Moroccans delighted that Senator Black’s bill lets them off the hook


Despite its title, Senator Black's "occupied territories" bill actually only targets Israel.

Once upon a time or – as they say in the language of Cervantes and García Lorca, érase una vez, Spanish “possessions” stretched across the globe. From California in the west to the Philippine Islands in the east, from the Netherlands in the north to Tierra del Fuego in the far south, the sun shone for 24 hours every day on the Spanish Empire – in a way that not even the British could dream of.

The 19th century was to change everything with massive losses of territory in the Americas as territory after territory broke free. And that was before the Spanish-American War of 1898 (referred to by Spaniards as El Desastre) when – in a brief war – the rising imperial power that was the United States drove the Spanish from Cuba and the Philippines.

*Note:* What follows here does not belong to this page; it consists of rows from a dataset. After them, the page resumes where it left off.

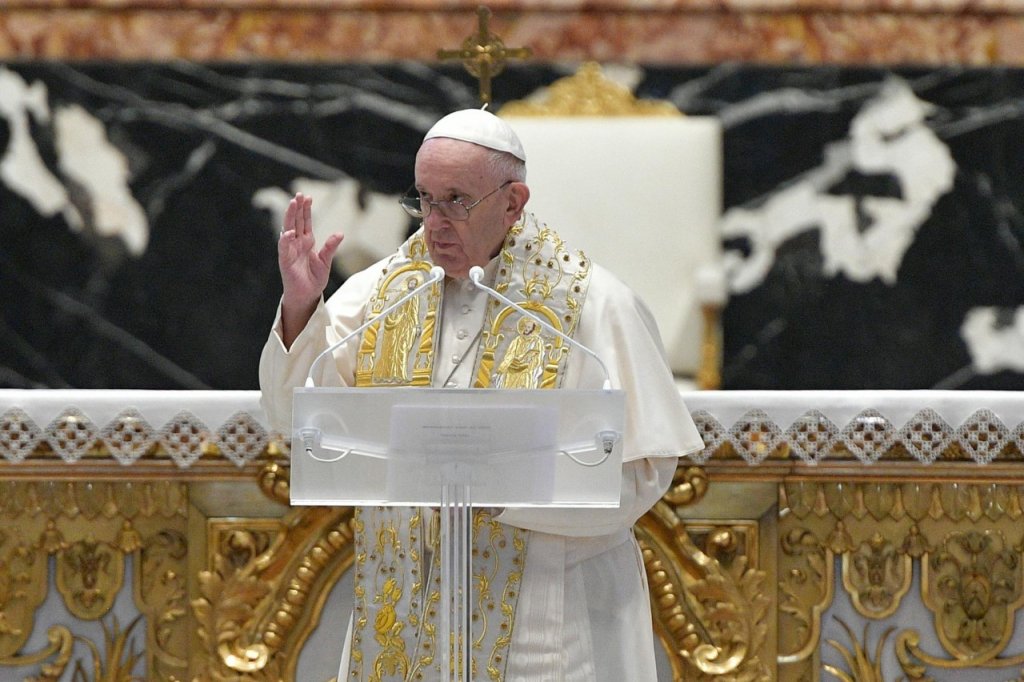 Papa Francisco condena violência contra mulheres: ‘Problema quase satânico’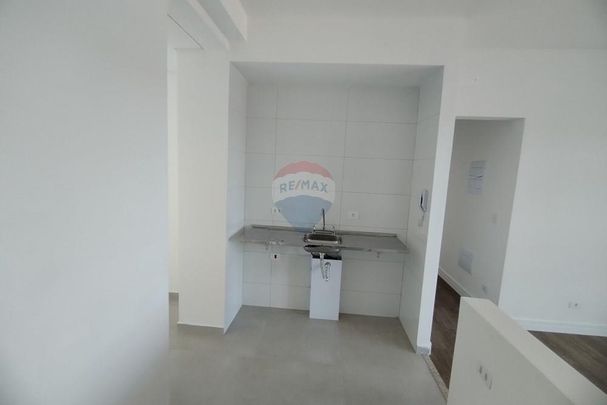 Novíssimo apartamento de tres dormitórios, com uma suíte e uma semi-suíte no Edificio Serenety Residence em Jacareí SP - Photo 1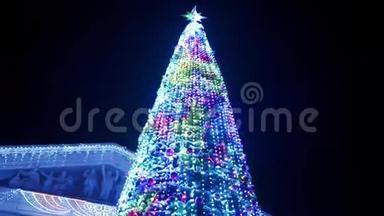 在大雪纷<strong>飞</strong>的冬夜，大圣诞树上装饰着发光的花环。 相机<strong>飞</strong>来飞去</strong>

By the 1970s – and with further territorial losses in Africa throughout the 20th century – the last Spanish overseas “possession” was the territory of Spanish (or Western) Sahara, on the west coast of Africa, directly south of Morocco and north-west of Mauritania, which is inhabited by the Sahrawi people. The Spanish relinquished control in February 1976 but the Moroccans already had designs on the territory. By 1979 – despite the World Court having rejected the legitimacy of such designs – the Moroccans had annexed the entire area. These designs were no doubt driven by the vast phosphate deposits in the Sahrawi lands, comprising more than 72% of all phosphate rock reserves in the world.

The territory of Western Sahara (Source: Gibraltar Broadcasting Corporation)

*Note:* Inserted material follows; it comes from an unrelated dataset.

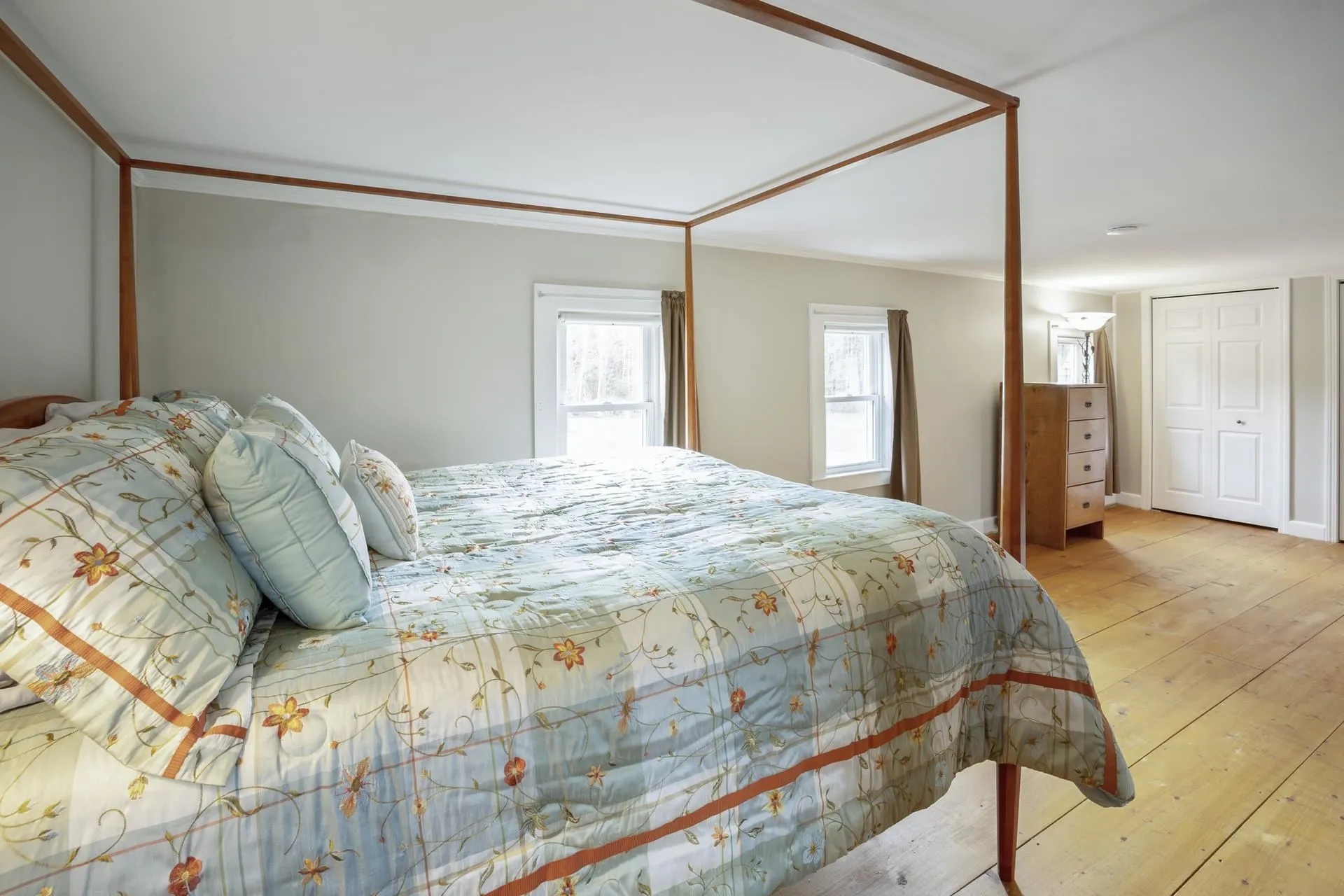 57 Highland Road New Boston NH 03070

Since then, the Sahrawi people have been trying to attain independence with the indigenous Polisario Front waging a decades-long guerilla war against Moroccan forces. In turn, the Moroccans have been intensely sensitive about their occupied territories and have wasted no opportunity in distracting attention onto other issues, such as the Israel-Palestine question.

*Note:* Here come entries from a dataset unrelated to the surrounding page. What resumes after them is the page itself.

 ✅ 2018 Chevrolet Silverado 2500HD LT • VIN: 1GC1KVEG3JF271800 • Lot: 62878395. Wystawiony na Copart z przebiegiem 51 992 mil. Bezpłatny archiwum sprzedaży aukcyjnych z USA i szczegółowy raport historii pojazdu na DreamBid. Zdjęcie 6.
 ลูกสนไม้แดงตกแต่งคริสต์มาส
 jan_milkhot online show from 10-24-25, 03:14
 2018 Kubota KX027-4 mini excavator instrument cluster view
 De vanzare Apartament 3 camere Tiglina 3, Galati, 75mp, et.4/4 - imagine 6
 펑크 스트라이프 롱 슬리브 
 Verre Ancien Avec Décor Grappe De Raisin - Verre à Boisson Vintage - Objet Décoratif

So, it should be no surprise that when international newswires started reporting stories about an Irish senator introducing in her parliament a new bill proposing to ban imports from occupied territories, that Moroccan authorities would sit up and pay attention. This could lead anywhere! What if other European countries were to do likewise?

They need not have worried. Senator Frances Black’s bill is worded so carefully that it can only apply to the Israel-Palestine issue and the Moroccan Foreign Ministry recognised this very quickly after the text was published, declaring – according to this source – that “according to the same the [sic] draft law, the prohibition is only limited to the import and sale of goods and services coming from the occupied Palestinian territories [and] some other areas which do not comprise the Kingdom of Morocco and its [Sahrawi] southern provinces at all“.

So far, so unsurprising. However, there is more. The above article goes on to state that one or more pro-Sahrawi groups visited Ireland in January 2018 “to campaign for the inclusion of the southern [Sahrawi] provinces in this bill“. Would Senator Frances Black confirm whether she or her staff met with these groups? If not, why not? If so, what was discussed during these meetings?

Senator Frances Black has campaigned for greater openness in Irish politics. We’re sure she will not have any issues in responding to these questions.